If we're walking closely with Jesus and living freely in His grace, that grace will spill out of our lives. We will be able to offer this gift to others. And one of the most prominent ways we can do so is with our words. Matthew 12 says that "Out of the heart the mouth speaks" - do your words reflect a graceful and loving heart?
I'm sad to admit that mine don't, not nearly as often as I wish they would.
But words are important, and have far more power than we usually give them credit for. God created the world by speaking. And in Deuteronomy 32, he says that his commandments are "not just idle words for you - they are your life."
Words of grace are words of life and creation. We can speak life, hope, and healing into another's life.

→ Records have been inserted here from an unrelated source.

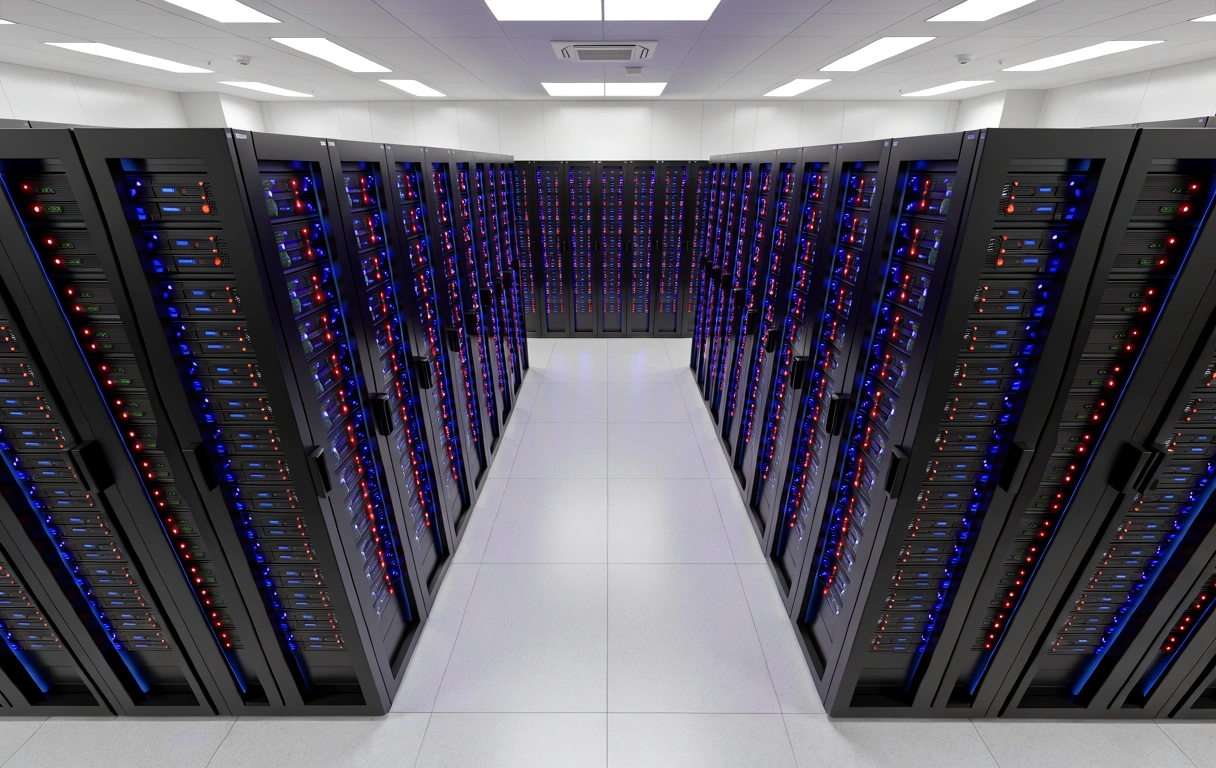 Advanced Logic Systems Infrastructure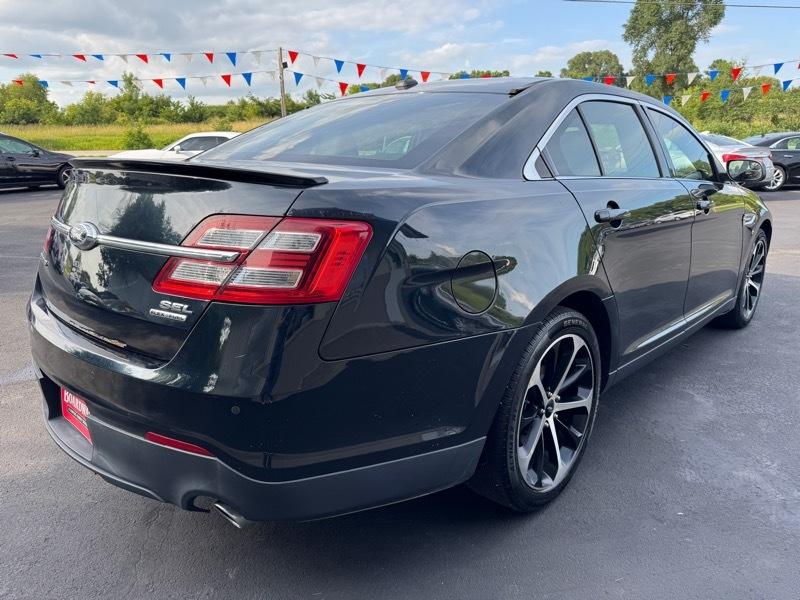 Ford Taurus SEL 2014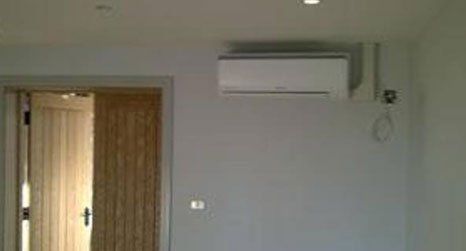 Home air conditioner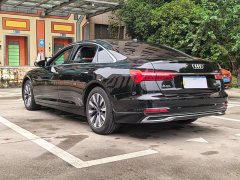Audi A6L 45 TFSI Prestige - ფოტო 14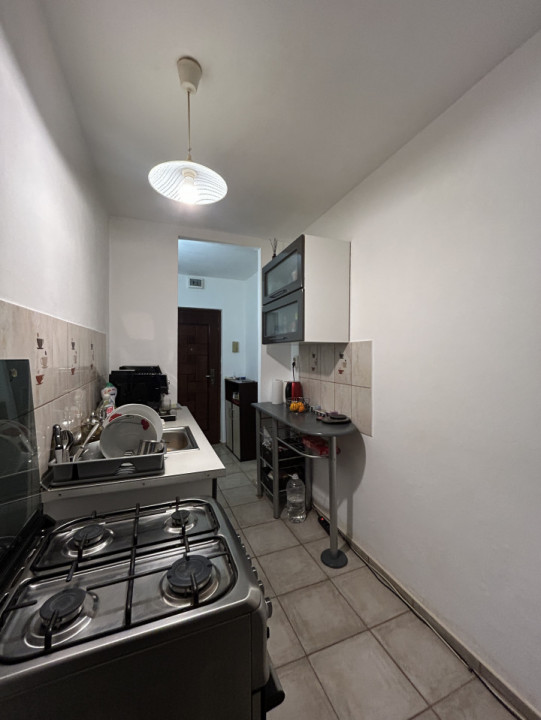 Apartament 1 camera, 36 mp, complet mobilat si utilat, zona Steaua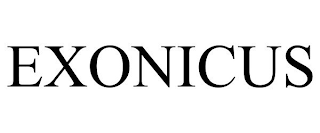 EXONICUS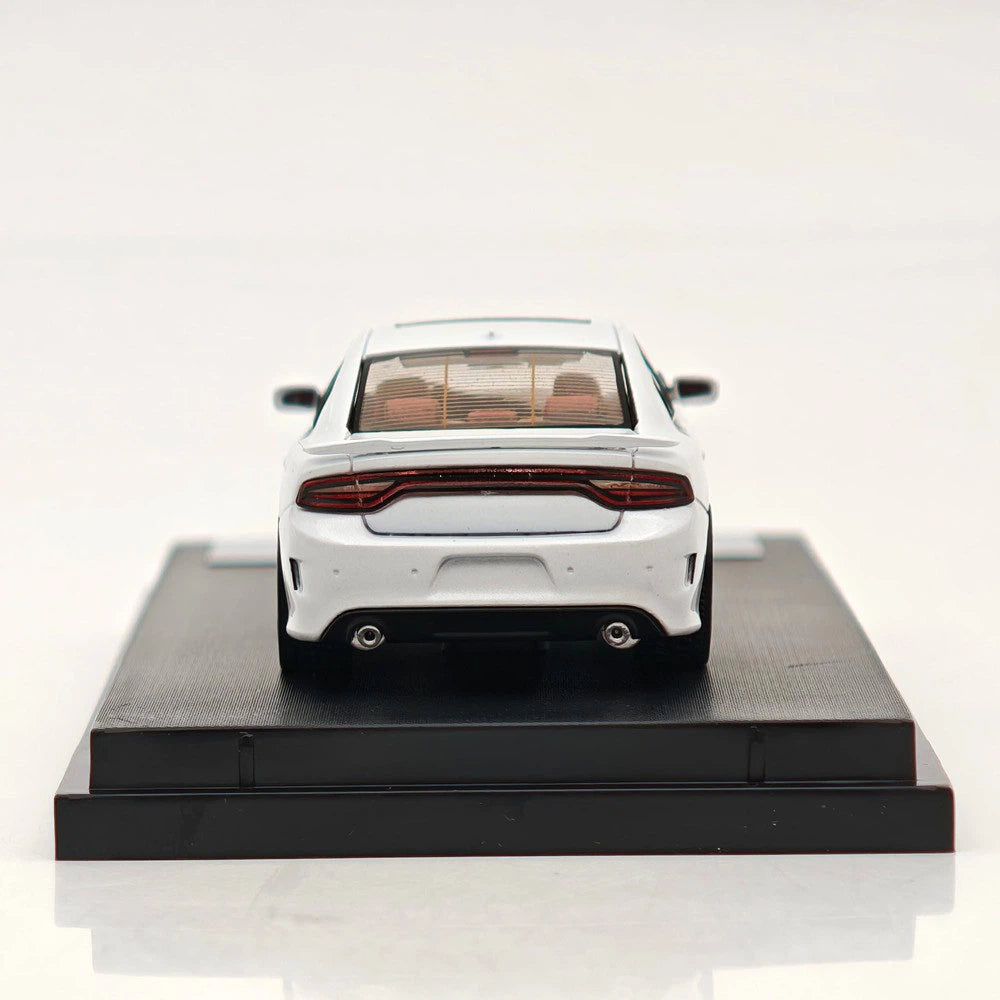 Pré-vente Miniature 7CM Modèle 1:64 2023 Chargr Hellcat Voiture de Collection Limitée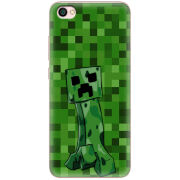 Чехол Uprint Xiaomi Redmi Note 5A Minecraft Creeper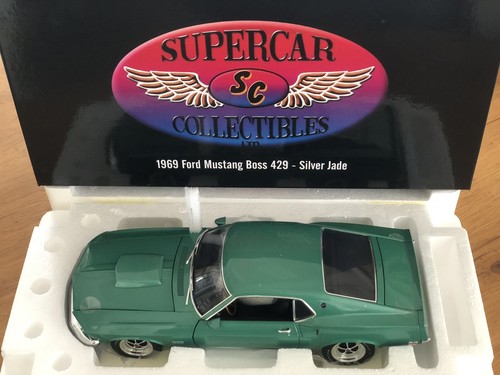 Acme 1969 ford - acme, mustang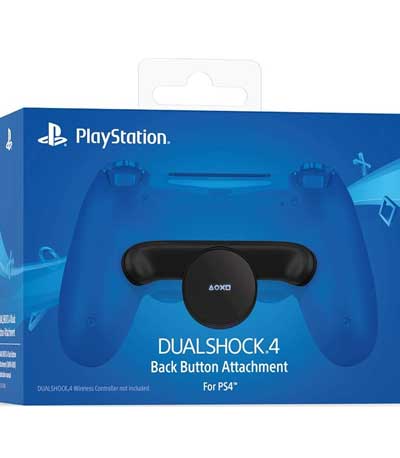 Sony Dualshock 4 Back Button Attachment PS4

Our words can be water to parched souls - or they can be cutting and deadly.
"If anyone speaks," Peter writes, "he should do it as one speaking the very words of God." (1 Peter 4:11).
The very words of God. Talk about pressure!
But what does this look like practically? How can we speak words of life and grace into another's life?
It means listening, really listening, and being sensitive and gentle no matter what the situation is. But one good indicator is how we respond when a friend falls, as they will over and over. We're human. They will fall and fail, and we will fall and fail.
Grace is forgiving. Grace offers mercy. They don't deserve it (neither do we!) and that is the point. Love never gives up on a person: and grace doesn't, either.
Offer a second chance when they don't deserve it. Offer healing, not condemnation. They've already gotten plenty of that.
And in our everyday interactions? I believe it was CJ Mahaney who first introduced me to the idea of looking for "evidences of grace" in each other's lives.
It's often so hard for me to see where I'm growing, what God is doing in my life - if anything. It's like a child measuring his physical growth - yes, he's growing every day, but can he tell the difference, day by day? No. But someone else - who doesn't see him every day, perhaps - will be able to clearly see that he's grown taller.
It's the same spiritually. We may grow in tiny increments, and may even get discouraged that the growth is so slow. Intentionally noticing growth and grace in another's life - and telling them - is incredibly encouraging and life-producing.
All encouragement, as a matter of fact, is full of grace, love, and life.
What do you think? Do you have more ideas for growing in graceful speech?